KRAS (Kirsten rat sarcoma virus) is one of the most commonly altered oncogenes in human cancers. Recurrent oncogenic mutations in KRAS can reprogram glutamine metabolism to increase the production of NADPH to control ROS. Besides, mutant KRAS promotes the expression of nucleotide synthesis genes and controls glucose uptake and flux through the PPP through incompletely understood mechanisms. KRAS can provide instructions for making a protein called K-Ras, a part of the RAS/MAPK pathway. What’s more, the K-Ras protein is a GTPase, a class of enzymes that convert the nucleotide guanosine triphosphate (GTP) into guanosine diphosphate (GDP). The protein relays signals from outside the cell to the cell’s nucleus. These signals instruct the cell to grow and divide or to mature and take on specialized functions.

KRAS G12S is a specific variation in the KRAS protein. KRAS with no mutation at amino acid position 12 has a glycine, or G for short. The amino acid at position 12 in KRAS with the G12S mutation is a serine, or S for short. Importantly, K-Ras G12S is an oncogenic driver with GTPase activity. The KRAS p.G12S mutation has been observed in thousands of patient tumors36, occurring in 2.8% of colorectal adenocarcinoma and 2.5% of nonsmall cell lung cancer.

G12Si-5 is a potent and reversible inhibitor of K-Ras G12S.

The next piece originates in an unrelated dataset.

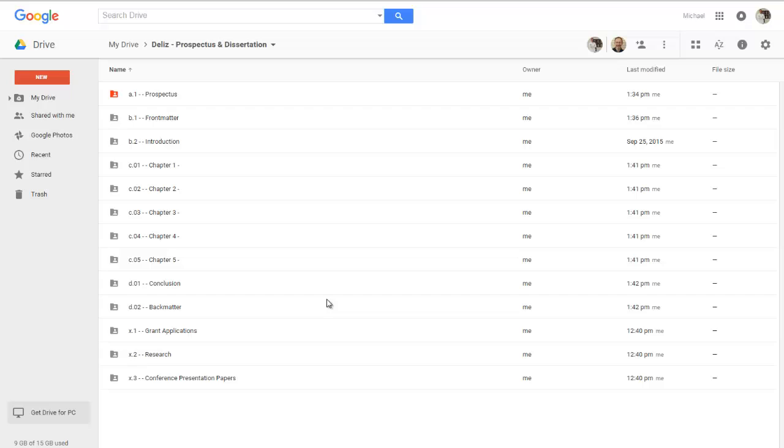But in terms of organizing and structuring a research project, file naming convention is the way to go. It's also common if you're using naming conventions in something that you are sharing, it is also common to include a naming convention readme file. So if I wanted to do this, I would say new file, Google Docs and hit OK.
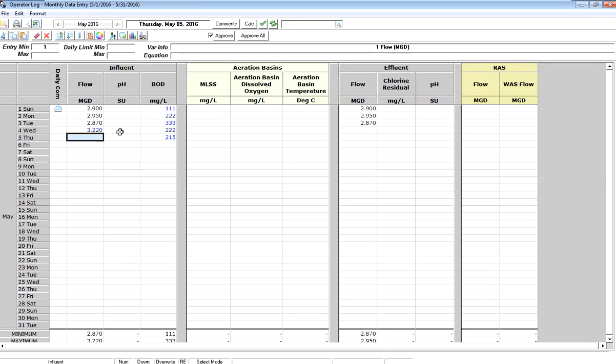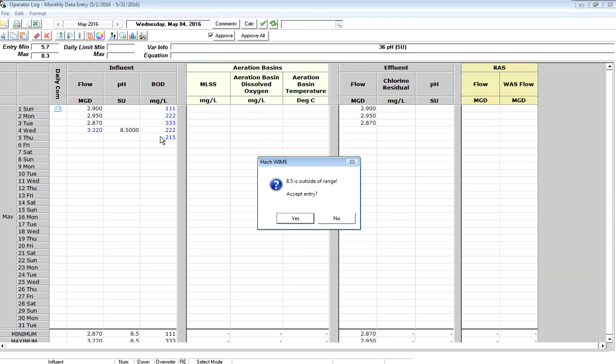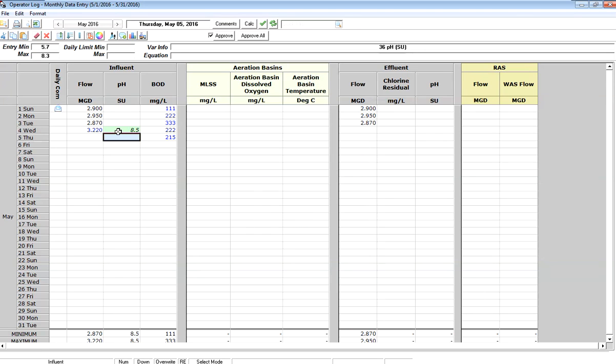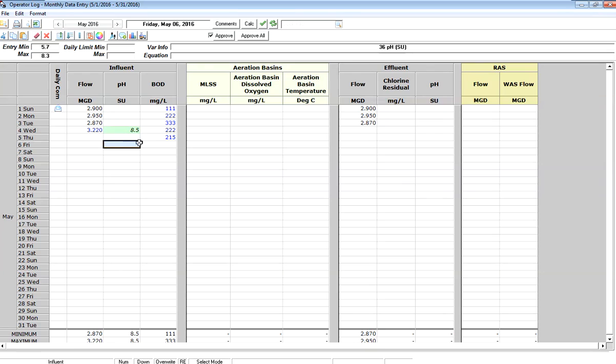If I go to pH and I type in my pH today of, let's say, 8.5, it comes up and warns me this is outside of the range. You've defined this as the normal range for pH on my influent. If I click yes, it's going to accept that. It's going to turn it italic and turn that cell green, indicating that it's outside the normal range. This is not a regulatory violation, it's just warning you that that data is not normal.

G12Si-5 is a potent, selective and reversible covalent inhibitor of the G12S mutant of K-Ras. Specifically, G12Si-5 binds with the S-IIP domain and suppresses oncogenic signaling. Inhibition of Ras signaling by G12Si-5 in A549 cells was dose-dependent. Therefore, G12Si-5 led to nearly complete loss of Ras•GTP and concomitant inhibition of phospho-ERK in A549 cells. Meanwhile, G12Si-5 did not perturb the signaling in A375 cells or SW1990 cells, and showed only weak inhibition of phospho-Erk in H358 cells, an effect we ascribed to possible ring opening of the β-lactone by the nucleophilic cysteine.

All in all, G12Si-5 is a potent, selective, and reversible covalent inhibitor of the K-Ras G12S.


[1]. Zhang Z, et, al. Nat Chem Biol. 2022 Jul 21.